Shuey also enjoyed learning. He was meticulous about his nightly seder, even when he had to fight his eyes to prevent them from shutting on him. After all, it was his lifeline. He knew that without this seder, his life would look different. His family knew it as well. It was a sort of joke in the family—when he would leave after supper, his kids knew that he was going to “recharge his batteries.”
But these yungerleit were something else. He couldn’t put his finger on it exactly, but he knew that the Torah was their life. When his 10-year-old Shloimy asked him what it means that “Torah is our life,” he was able to point to these yungerleit as a model of that ideal.
It was quite obvious that material extras were not something that they could afford, but it was equally obvious that they were not bothered by that fact. They had made a choice to live a life of v’chayei olam nata besochenu.
The thought flitted through Shuey’s mind that night as he once again found himself looking their way while putting his Gemara back on the shelf for the night.
Like fish in water.
Are they enticed at all by the call of the wily fox, beckoning them to join him on the shore? Or are they so immersed in the sea of Torah that they don’t hear him at all?

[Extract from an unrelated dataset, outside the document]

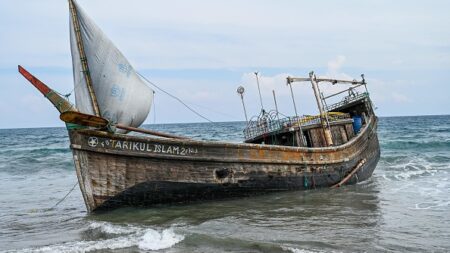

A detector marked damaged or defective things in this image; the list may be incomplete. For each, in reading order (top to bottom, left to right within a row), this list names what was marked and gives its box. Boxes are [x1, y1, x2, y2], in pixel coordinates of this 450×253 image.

tattered sail [68, 0, 153, 129]
rusty metal structure [19, 0, 382, 213]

The answer didn’t really matter. Shuey reveled in the ability to observe them, warmed by the knowledge that their avodas hakodesh deepened his kesher with the Eitz Chaim.
It was a few days later when one of the yungerleit’s wives opened the mailbox and noticed the envelope.
She knew the feeling by now. Each year when the envelope arrived, she felt it again.
Her husband was one of those “adirei haTorah,” who spurned all for their love of Torah. He remained out of the house until very late each night, and she loved it. Not that it didn’t come with sacrifices on her part. It wasn’t easy living on a shoestring budget, nor was it easy to juggle almost all the household affairs by herself. But she was content. It was a choice she had made and continued to make with pride each day.
Making Yom Tov had its extra stresses on their budget, and she was ready to make do with less. But when she realized that there was someone out there who wanted her family to enjoy Yom Tov to the fullest, someone who appreciated her and her husband’s sacrifices, it touched her in a special way. In a sense, it made her even more willing to continue supporting her husband in his sacred role of upholding the Eitz Chaim of Torah.
Kupas Yom Tov was founded with the goal of ensuring a beautiful and befitting Yom Tov for our cherished bnei Torah. We aim to ensure that these special families, who sacrifice so much throughout the year to dedicate their lives to Hashem and His Torah, are able to make Yom Tov with dignity and royalty.